Folha - Qual a sua avaliação do filme "Pai Patrão", dirigido pelos irmãos Taviani?
Ledda -
Só os Taviani podiam fazê-lo na Itália daquele momento, pois tinham uma poética da utopia. Para eles, o romance era um pedaço de utopia que se tornava realidade. Mas o filme tem um ponto de vista externo -e não poderia ser diferente.
Já o romance foi escrito de dentro do ovil. Espero um dia filmar o meu próprio "Pai Patrão", interpretando meu pai.

Folha - Quando pequeno, o sr. já acreditava que seria escritor?
Ledda -
Não. Posso ter pensado nisso ocasionalmente, assim como podia sonhar em ser músico ou campeão de ciclismo. Mas são fantasias de menino. Foi só depois de me diplomar que tomei a decisão de escrever. Normalmente se nasce poeta e depois se tem a experiência como pastor, como mineiro etc. Fiz o percurso contrário. Era preciso ter sido pastor por 20 anos para escrever "Pai Patrão". Foi graças a essa experiência que me tornei um escritor "rochoso", que procura esculpir o vento.

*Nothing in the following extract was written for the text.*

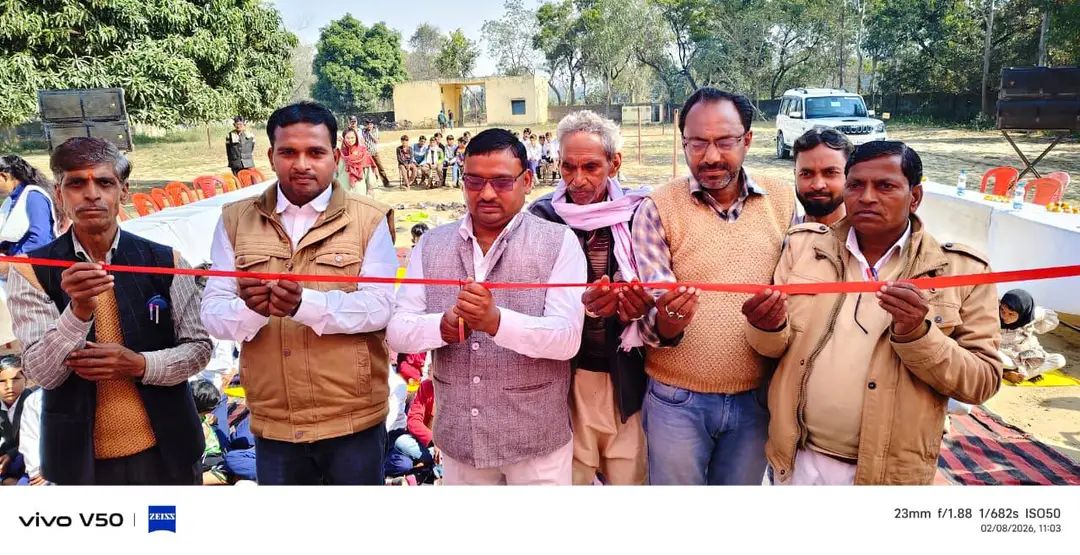 नाम-
हरिओम वर्मा 
पद-
विधायक(भाजपा),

Folha - "Pai Patrão" é um romance naturalista. Já "Recanto" é uma obra "experimental", dentro do que o sr. denomina "língua pluridimensional". A fome de palavras se transformou em desejo de criar uma língua pessoal?
Ledda -
Sem o vôo dos irmão Wright, a aeronáutica seria outra coisa. Da mesma maneira, "Recanto" é o primeiro vôo da mente numa língua pluridimensional. Aristóteles definiu a língua escrita como convenção. Mas, assim como um enunciado científico só é válido até que chegue a prova contrária, a língua pluridimensional não se limita a reproduzir a convenção. Ela é um salto no qual o escritor toma os radicais dos verbos ou os sufixos das palavras para transformá-las, recriá-las, dando asas à língua.


PAI PATRÃO/RECANTO. Autor: Gavino Ledda. Tradução: Lilioana Laganá e Ivan Neves Marques Jr. Editora: Berlendis & Vertecchia. Quanto: a definir (322 págs.).